I also avoid emphatic formatting —"NEVER," "MUST," "CRITICAL" in all caps. These feel like they should increase compliance, but they often do not. Calm, specific instructions outperform emphatic vague ones. A clear condition-action pair beats a capitalized command almost every time.

The craft of prompt engineering is ultimately editorial. You are refining a document through small, deliberate changes and observing the behavioral results. Each edit teaches you something about how the model reads and interprets instructions. Over time, you develop an intuition for what will work — but the principle stays the same: change as little as possible, observe the effect, and iterate.

Targeted prompt surgery instead of wholesale rewrites

The surgical fix

Have a look at the actual rendered prompt sent to the AI. Is it crystal clear and elegant? Are we asking it to handle too many things? Do we need to consider some architectural change, or can we tweak something to fix this, without cluttering the prompt?
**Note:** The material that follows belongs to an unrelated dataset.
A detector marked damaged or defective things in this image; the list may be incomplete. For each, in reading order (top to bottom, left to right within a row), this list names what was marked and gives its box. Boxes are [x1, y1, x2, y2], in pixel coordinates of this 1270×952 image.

Starting with the rendered prompt — not the source — is the key move. It shows exactly what the AI sees, which is often different from what you think you wrote. The question of architectural change vs. a small tweak keeps the diagnosis honest: sometimes the prompt is fine and the problem is a structural issue that more rules cannot fix.
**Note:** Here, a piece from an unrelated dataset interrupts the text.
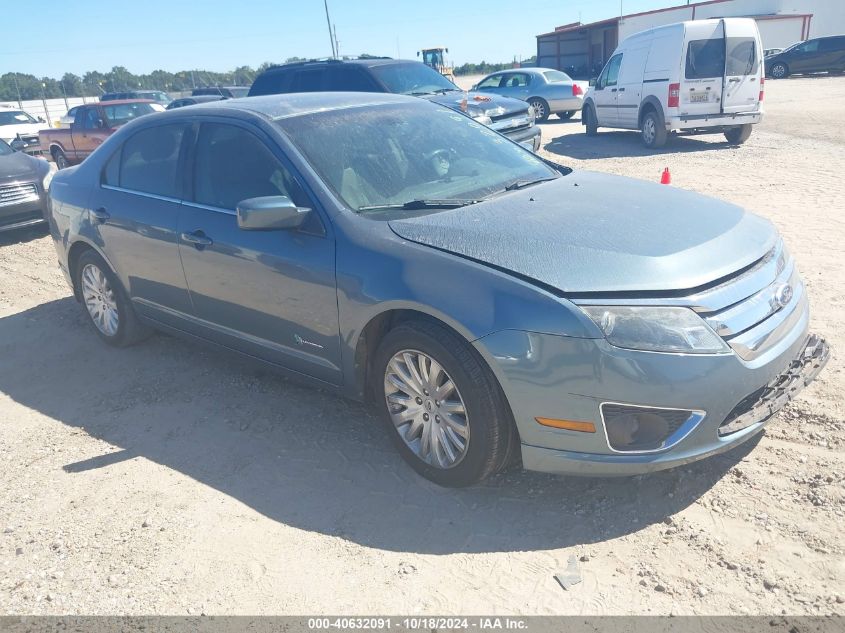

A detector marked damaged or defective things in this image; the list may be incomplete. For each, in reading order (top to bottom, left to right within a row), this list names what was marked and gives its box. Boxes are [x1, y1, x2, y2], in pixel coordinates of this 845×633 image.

damaged hood [390, 170, 780, 294]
Frequently asked questions

What is the difference between conversational prompting and system prompt engineering?
Conversational prompting is how you talk to an AI during a work session — it can be informal and stream-of-consciousness. System prompt engineering is writing the instructions that live inside your product and control how an AI agent behaves for your users. System prompts need careful structure, placement, and rule management because they run thousands of times with no human oversight.
How many behavioral rules should a system prompt contain?
I target ten or fewer imperative behavioral rules per prompt. Every additional rule reduces compliance with all existing rules through instruction dilution. If you need to add a new rule, look for an existing rule to remove, combine, or move to a more targeted location like a tool description or skill file.
Why does the position of a rule in a prompt affect compliance?
LLMs exhibit a U-shaped attention pattern: they pay the most attention to the beginning and end of a prompt, with weaker attention in the middle. Critical rules placed in the middle sections of a long prompt get less reliable compliance. Moving the same rule — with identical wording — to the top or bottom of the prompt can fix compliance issues immediately.
Should I use emphatic formatting like capital letters and exclamation marks in prompts?
Generally, no. Calm, specific instructions in condition-action format (when X happens, do Y) outperform emphatic vague commands (NEVER do X). Specificity beats emphasis. The model responds better to a clear procedure it can follow than to a strongly worded prohibition it must interpret.
When should I read the system prompts AI generates for my product?
When things work well, there is no need to audit every prompt. But when you observe quality problems — inconsistent behavior, rule violations, confused responses — read the system prompt as a human. If a section confuses you, it will confuse the model too. Look for contradictions, ambiguity, poor placement, and bloat.